▸ **The task**
When you copy the data, keep every line exactly as written and skip the pictures.
--- Exercise data Enclosed Below ---
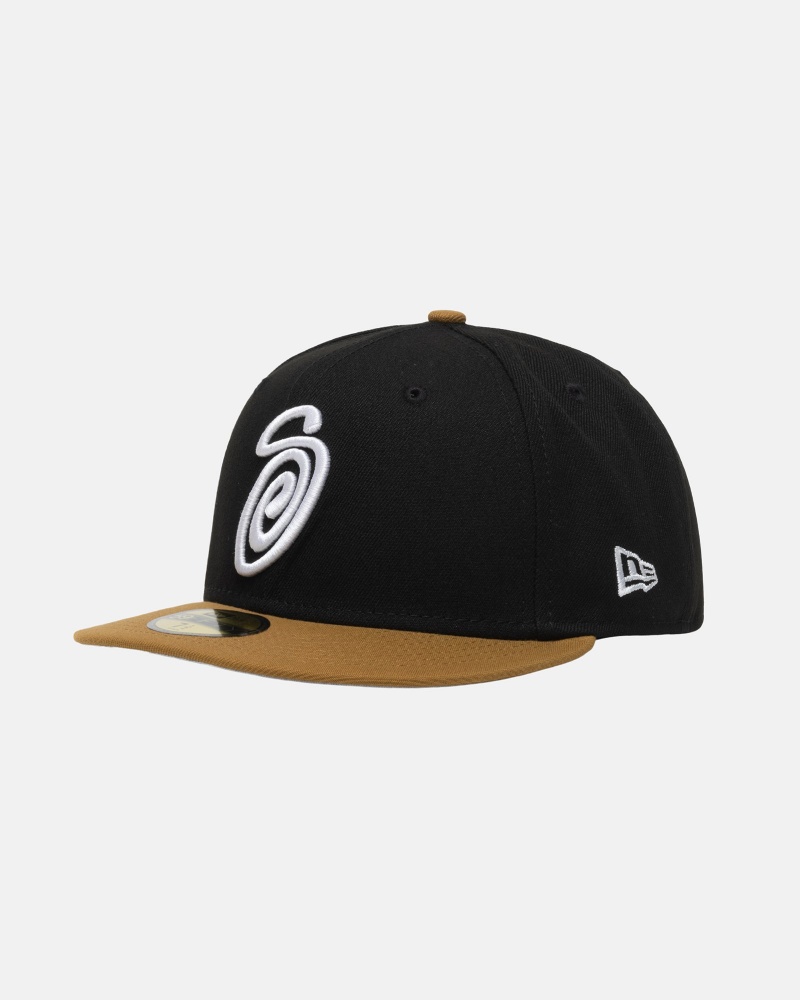 Sombreros Stussy New Era 59fifty Curly S Negras Doradas | 64135-WKXD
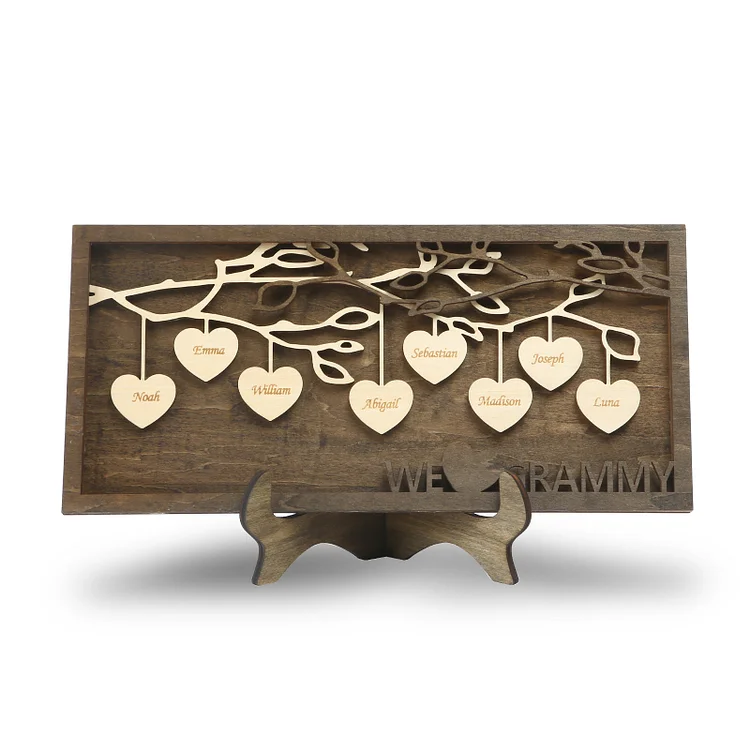 A la familia-Marco de madera 8 nombres personalizados con 1 texto Árbol de la Vida Árbol Genealógico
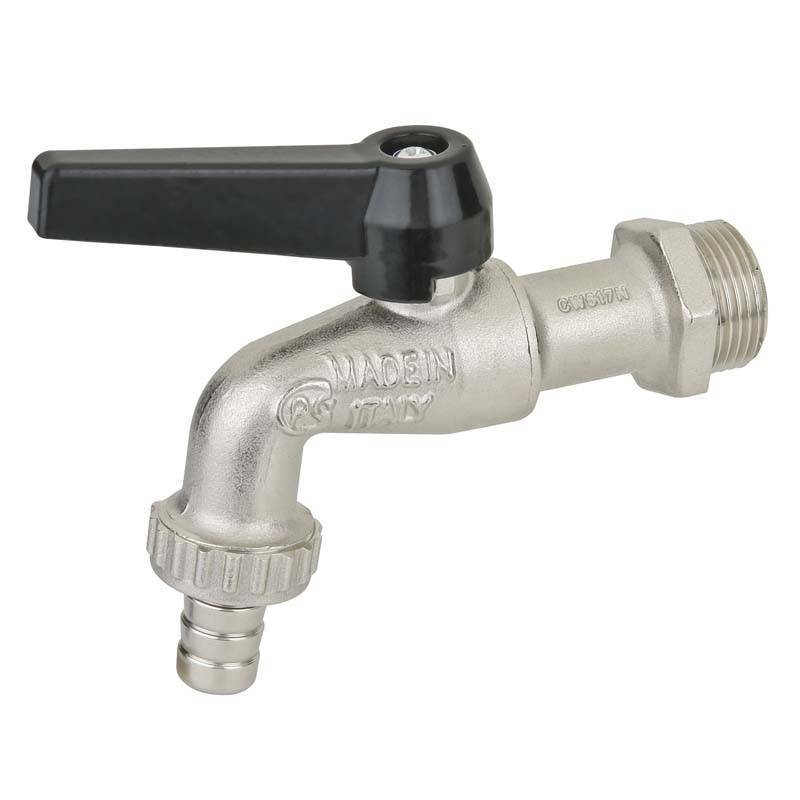 Кран садовый шаровой Idrosapiens ALASKA 689 3/8 Н со штуцером ручка 06890087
--- End of Enclosed Exercise data ---
▸ **Answer area**
 Sombreros Stussy New Era 59fifty Curly S Negras Doradas | 64135-WKXD
 A la familia-Marco de madera 8 nombres personalizados con 1 texto Árbol de la Vida Árbol Genealógico
 Кран садовый шаровой Idrosapiens ALASKA 689 3/8 Н со штуцером ручка 06890087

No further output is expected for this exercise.